▶ Activity: The finished copy should match every record exactly and contain no pictures.

=== Data in this exercise ===

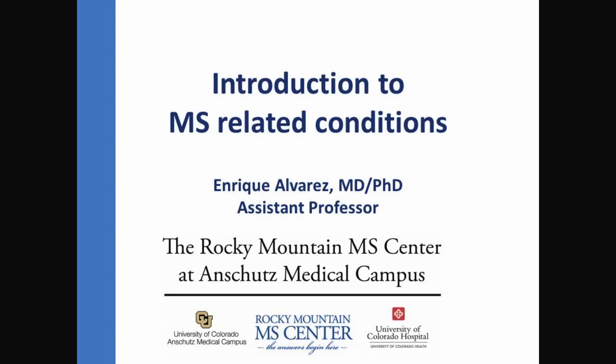Related conditions to MS has been a focus of the Rocky Mountain MS Center. It's important to treat the right disease. This is sometimes obvious, but sometimes it's the frustration of trying to find the right diagnosis. At the Rocky Mountain MS Center, we can help with some of these conditions.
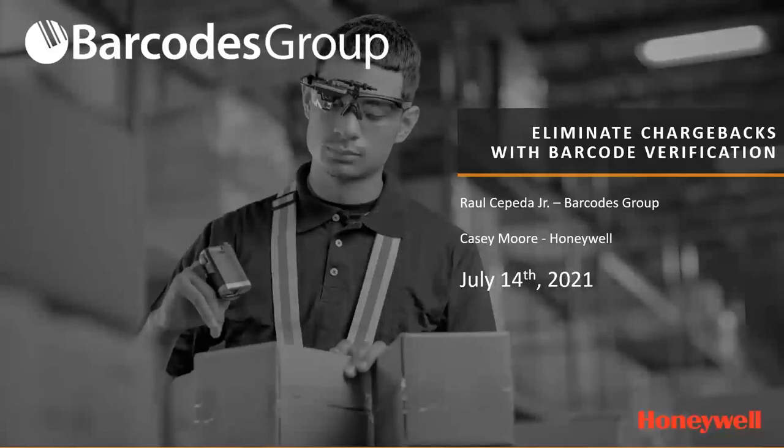All right, ladies and gentlemen, my name is Raul Cepeda Jr. On behalf of Barcodes Group and Honeywell, I'd like to thank you for attending our webinar today on how to eliminate chargebacks with barcode verification. We know your time is precious and we hope you gain some valuable insights today into the solution that we're covering. We do have a Q&A feature available, so please feel free to send us any questions and we'll address them towards the end as time allows.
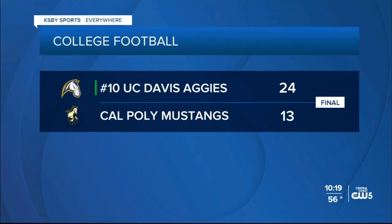And for Cal Poly, they hung in there, but it still wasn't enough. Cal Poly falls in their sixth straight game. They fall 24-13 to UC Davis.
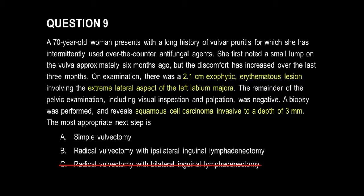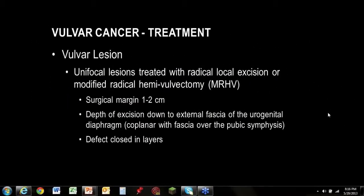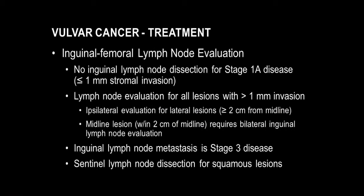It's not going to be a radical vulvectomy with bilateral inguinal lymph node lymphadenectomy. It's not going to be bilateral because this is an extremely lateralized lesion. The appropriate treatment is a radical local excision with surgical margins one to two centimeters circumferentially around the lesion and also deep — excising down to the external fascia of the urogenital diaphragm. This removes all the fat beneath the epithelium in the vulva, ensuring a deep margin. The defect is commonly closed in layers. Inguinofemoral lymph nodes will be evaluated for any patient with depth of invasion greater than one millimeter.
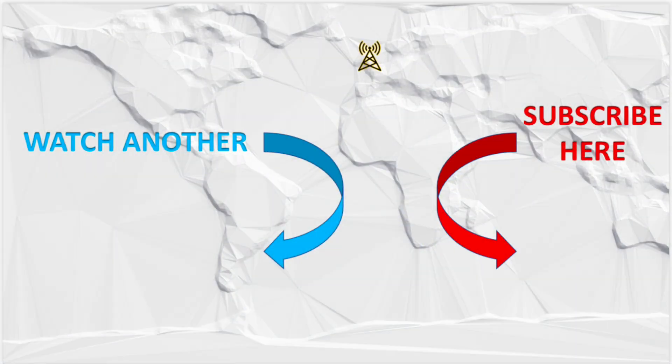Thanks for watching. The channel's all about simple projects and operating radio. If you like and subscribe and hit the bell, you won't miss out on future videos. 73.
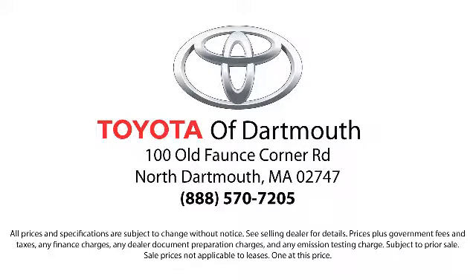you'll see why Toyota of Dartmouth has been the South Coast's dealer of choice for over 17 years. At Toyota of Dartmouth, we have the Price Promise, which ensures our customers get the right vehicle at the right price, so you don't have to waste your time shopping around or worrying you pay too much.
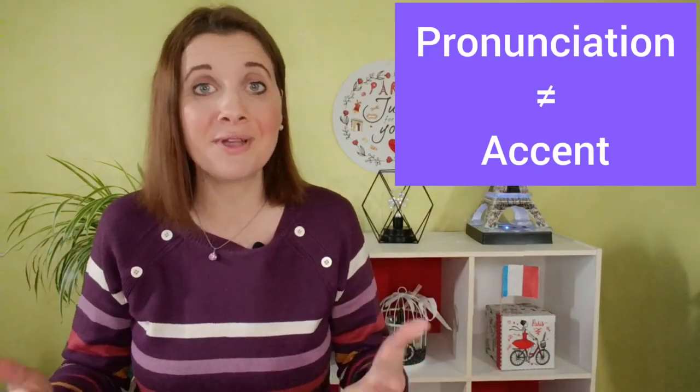But don't confuse pronunciation with accent. Pronunciation is about making the right sounds. The accent is the identity of your language — and it's so charming! French with a little accent! I love it!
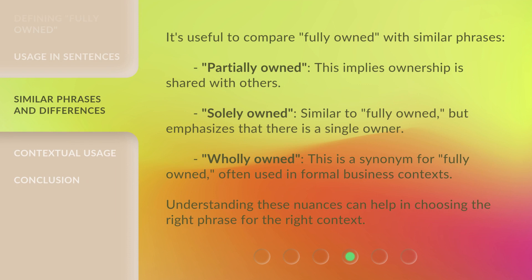It's useful to compare 'fully owned' with similar phrases. 'Partially owned' implies ownership is shared with others. 'Solely owned' is similar to 'fully owned,' but emphasizes that there is a single owner. 'Wholly owned' is a synonym for 'fully owned,' often used in formal business contexts.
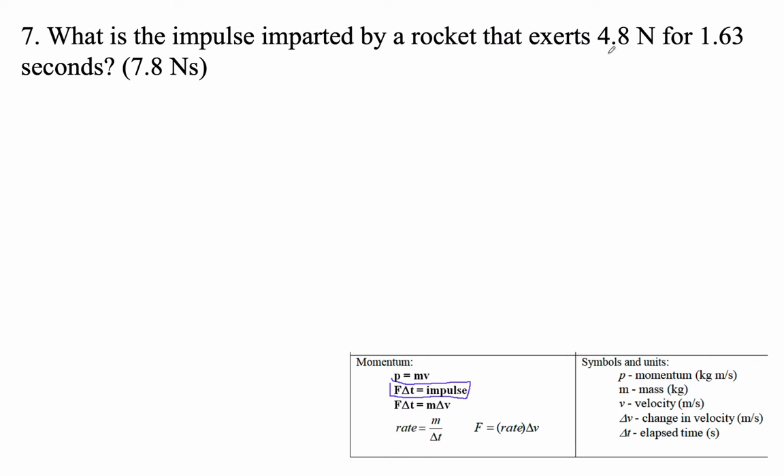What is the impulse imparted by a rocket that exerts 4.6 newtons for 1.63 seconds?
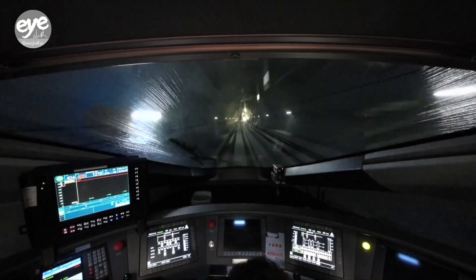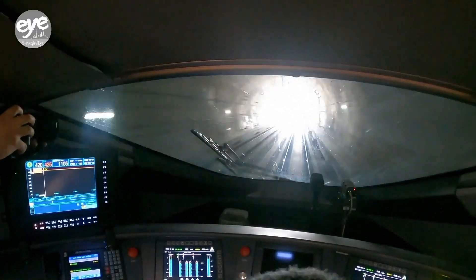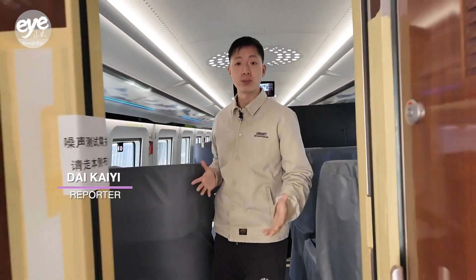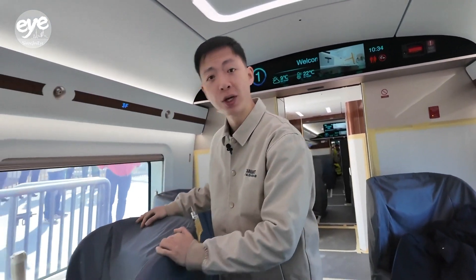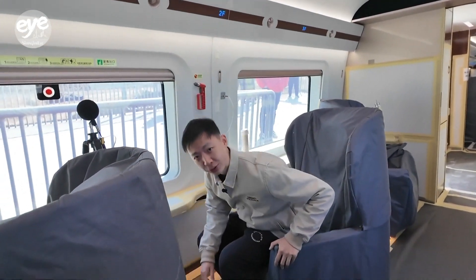Meet the CR450, China's latest high-speed train model that's set to redefine how we think about rail travel. The cabin here is quieter with more space to rest. Despite the faster speeds, noise is down by 2 decibels. The seats in business class can swivel 300 degrees. It's luxury at 400 kilometers an hour.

===

▶ Result:
Related conditions to MS has been a focus of the Rocky Mountain MS Center. It's important to treat the right disease. This is sometimes obvious, but sometimes it's the frustration of trying to find the right diagnosis. At the Rocky Mountain MS Center, we can help with some of these conditions.
All right, ladies and gentlemen, my name is Raul Cepeda Jr. On behalf of Barcodes Group and Honeywell, I'd like to thank you for attending our webinar today on how to eliminate chargebacks with barcode verification. We know your time is precious and we hope you gain some valuable insights today into the solution that we're covering. We do have a Q&A feature available, so please feel free to send us any questions and we'll address them towards the end as time allows.
And for Cal Poly, they hung in there, but it still wasn't enough. Cal Poly falls in their sixth straight game. They fall 24-13 to UC Davis.
It's not going to be a radical vulvectomy with bilateral inguinal lymph node lymphadenectomy. It's not going to be bilateral because this is an extremely lateralized lesion. The appropriate treatment is a radical local excision with surgical margins one to two centimeters circumferentially around the lesion and also deep — excising down to the external fascia of the urogenital diaphragm. This removes all the fat beneath the epithelium in the vulva, ensuring a deep margin. The defect is commonly closed in layers. Inguinofemoral lymph nodes will be evaluated for any patient with depth of invasion greater than one millimeter.
Thanks for watching. The channel's all about simple projects and operating radio. If you like and subscribe and hit the bell, you won't miss out on future videos. 73.
you'll see why Toyota of Dartmouth has been the South Coast's dealer of choice for over 17 years. At Toyota of Dartmouth, we have the Price Promise, which ensures our customers get the right vehicle at the right price, so you don't have to waste your time shopping around or worrying you pay too much.
But don't confuse pronunciation with accent. Pronunciation is about making the right sounds. The accent is the identity of your language — and it's so charming! French with a little accent! I love it!
It's useful to compare 'fully owned' with similar phrases. 'Partially owned' implies ownership is shared with others. 'Solely owned' is similar to 'fully owned,' but emphasizes that there is a single owner. 'Wholly owned' is a synonym for 'fully owned,' often used in formal business contexts.
What is the impulse imparted by a rocket that exerts 4.6 newtons for 1.63 seconds?
Meet the CR450, China's latest high-speed train model that's set to redefine how we think about rail travel. The cabin here is quieter with more space to rest. Despite the faster speeds, noise is down by 2 decibels. The seats in business class can swivel 300 degrees. It's luxury at 400 kilometers an hour.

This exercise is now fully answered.